We have a large table, let's call it "Data", with ~2 billion rows, data is indexed by date, location, name. Each row has a 'score'.
We also have a table which contains all of the distinct dates in this table.
If I run a query like this:
SELECT AVG(score)
FROM Data d
WHERE d.date IN (
SELECT today
FROM dates dt
WHERE dt.today > '2020-01-01'
AND dt.today < '2020-06-01'
AND d.location = 'Location1');
This query returns in several seconds. If I then run the same query, but look for the average score grouped by name, the query takes minutes. i.e.
SELECT d.name, AVG(score)
FROM Data d
WHERE d.date IN (
SELECT today
FROM dates dt
WHERE dt.today > '2020-01-01'
AND dt.today < '2020-06-01'
AND d.location = 'Location1')
GROUP BY .d.name;
The number of distinct names is several hundred thousand, any techniques to improve the speed of a query like this?
First of all try this.
CREATE INDEX data_name_score ON Data (location, date, name, score);
This compound covering index should accelerate your query. For a table your size it will take some time to create. (Run it overnight, maybe?)
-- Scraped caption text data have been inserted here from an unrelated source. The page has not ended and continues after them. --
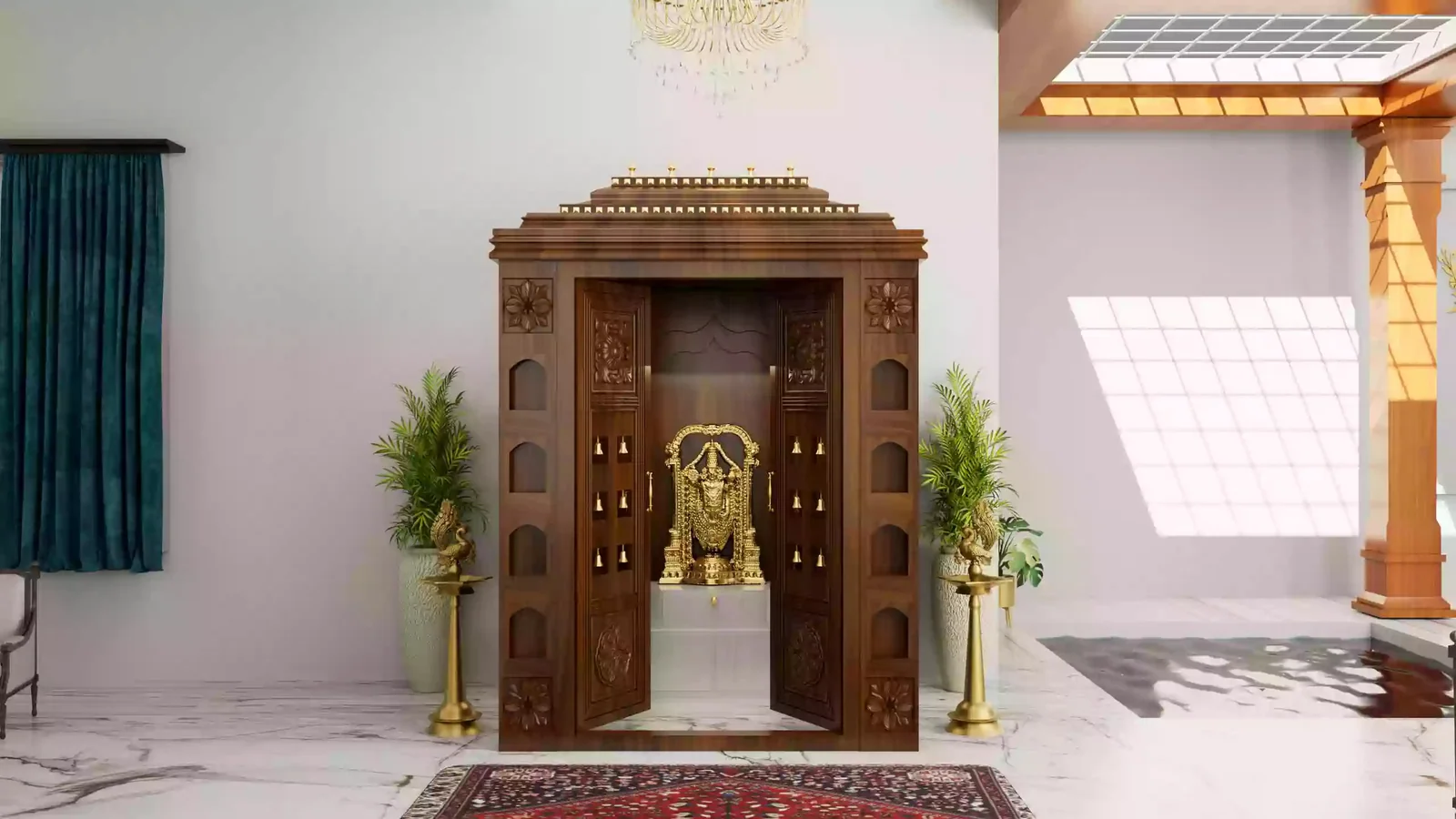 Walk-in prayer unit reference with carved jaali doors and a lit deity niche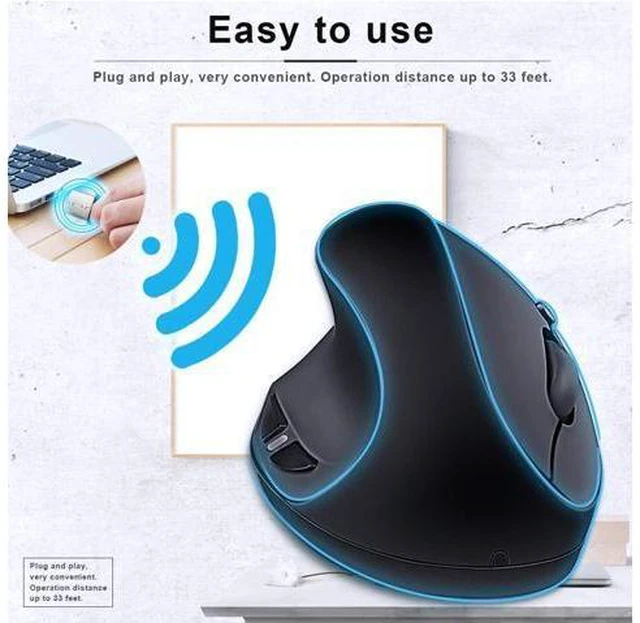 Alt view image 3 of 7 - SUNGI Left-Handed Mouse,2.4GHz Ergonomic Vertical DPI 800/1200/1600 Wireless Mouse with USB Receiver for Left Hand,Black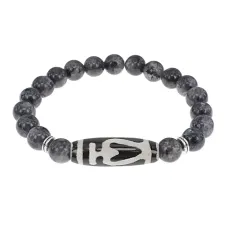 Браслет бусиной Дзи Бумпа и нат.камнем Лабрадор BSDS8-13-08
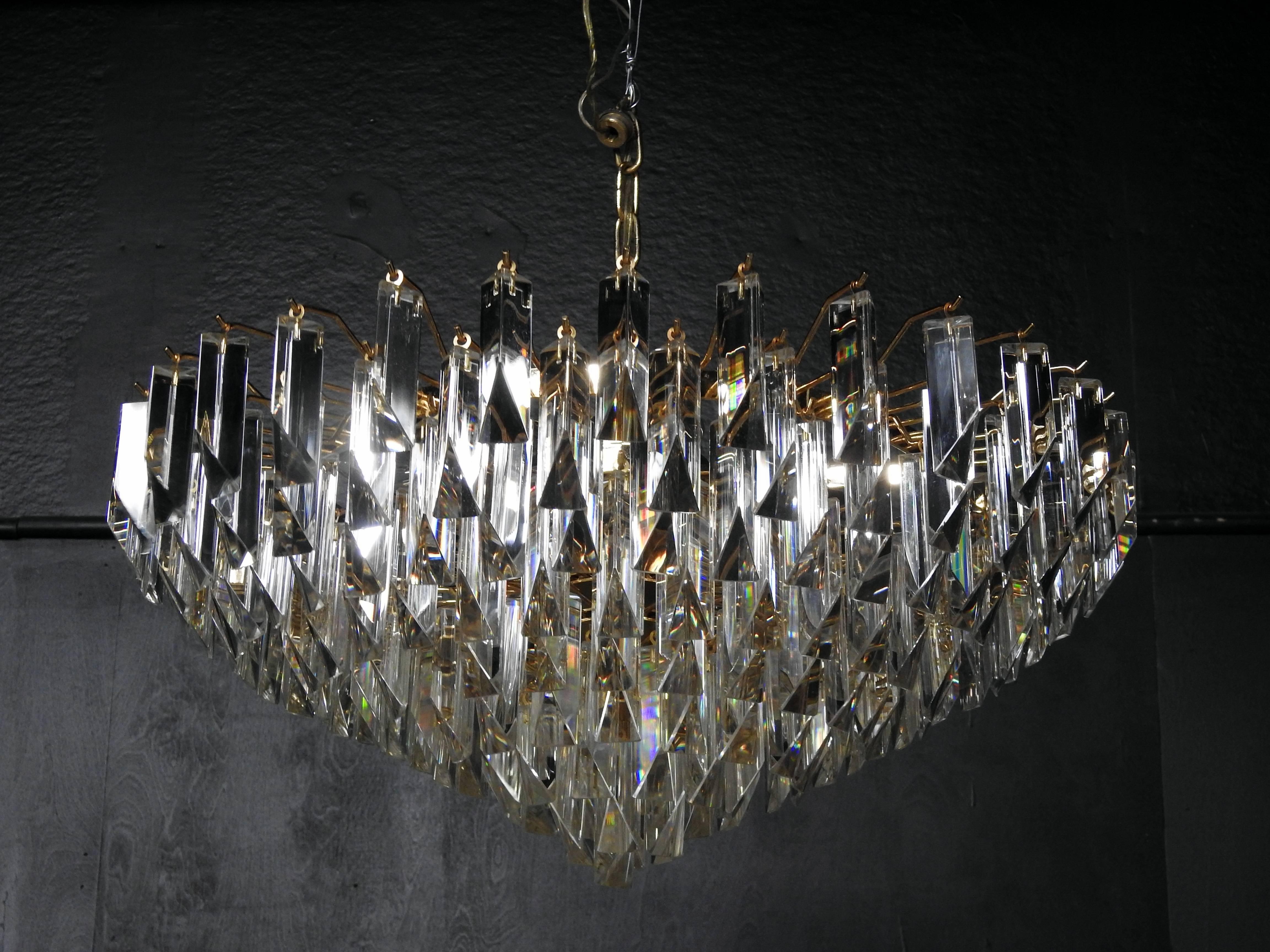 Mid-Century Modern Italian Camer Glass Eight-Tier Chandelier with Venini Tiedri Crystals For Sale
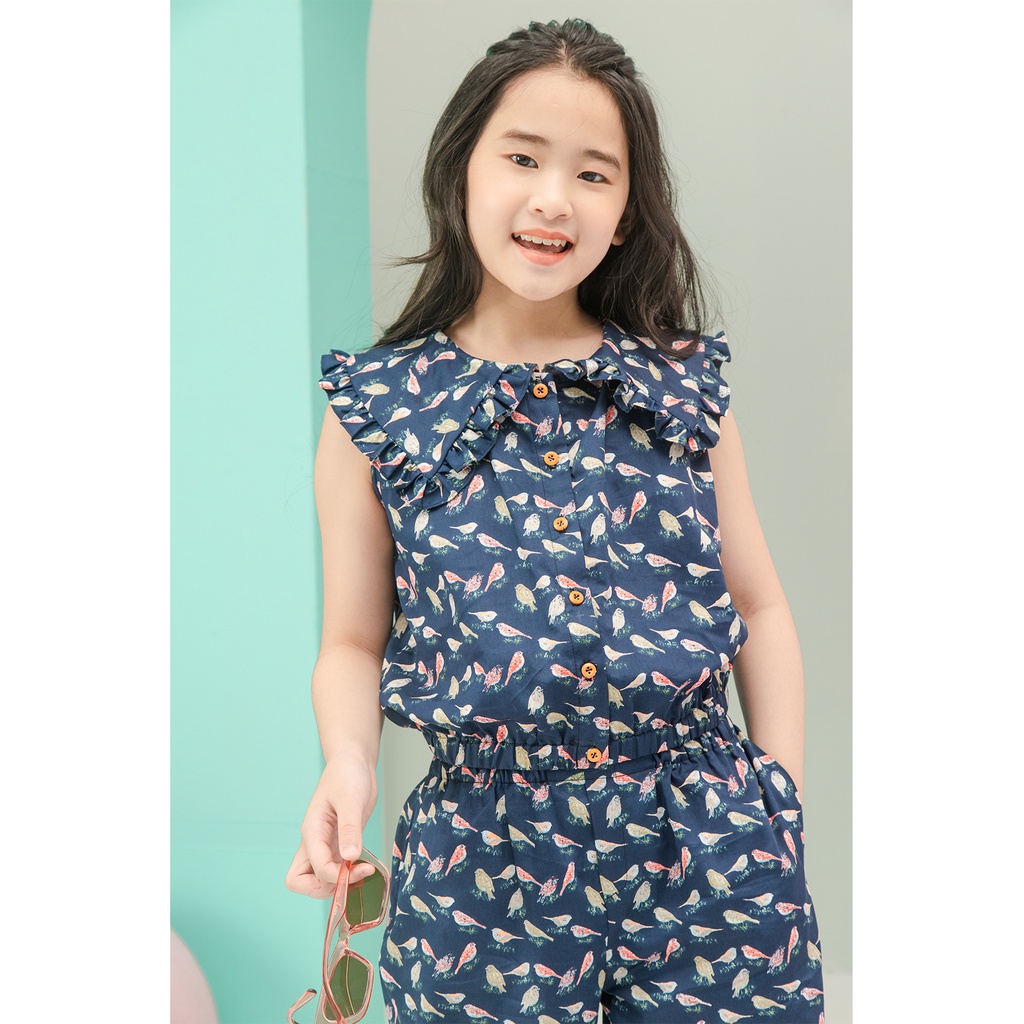 Bộ Jumpsuit JOOKYLI bé gái họa tiết xanh 95G0903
Why does this index improve your query's performance? Think of the index as a sorted list of all the values in all the columns of the index.
MySQL can random-access the index to find the first relevant row ... the first row with the location
you chose and the date
in the range you mentioned.
It can then step through the index sequentially, without referring back to the table at all, to satisfy the query. name
and score
are in the index.
As it steps through the index, lo and behold, the index items are in the ideal order to handle the GROUP BY
. It encounters all the score
values for the name
with value a
, then all the scores for b
, and so forth. There's no need for an internal table with a row for each of your distinct names.
Notice that if you said MAX(score)
instead of AVG(score)
your query could be satisfied by a so-called loose index scan. Those are almost miraculously fast, even faster than the tight index scan your query will use.
Second, simplify your query like this.
SELECT d.name, AVG(score) avgscore
FROM Data d
WHERE d.location = 'Location1'
AND d.date >= '2020-01-01'
AND d.date < '2020-06-01'
GROUP BY d.name;
MySQL should be able to satisfy your query with a range scan on the index I suggested.
And, beware, lots of single-column indexes are generally harmful to performance unless they are matched to actual queries you must perform. Several single-column indexes are not the equivalent of a multi-column index.
As for why your query is slow without the index, you can use EXPLAIN
to get MySQL to tell you exactly how it satisfies the query. It probably has to examine a large fraction of the gigarows in your table to filter the ones you want and generate your results.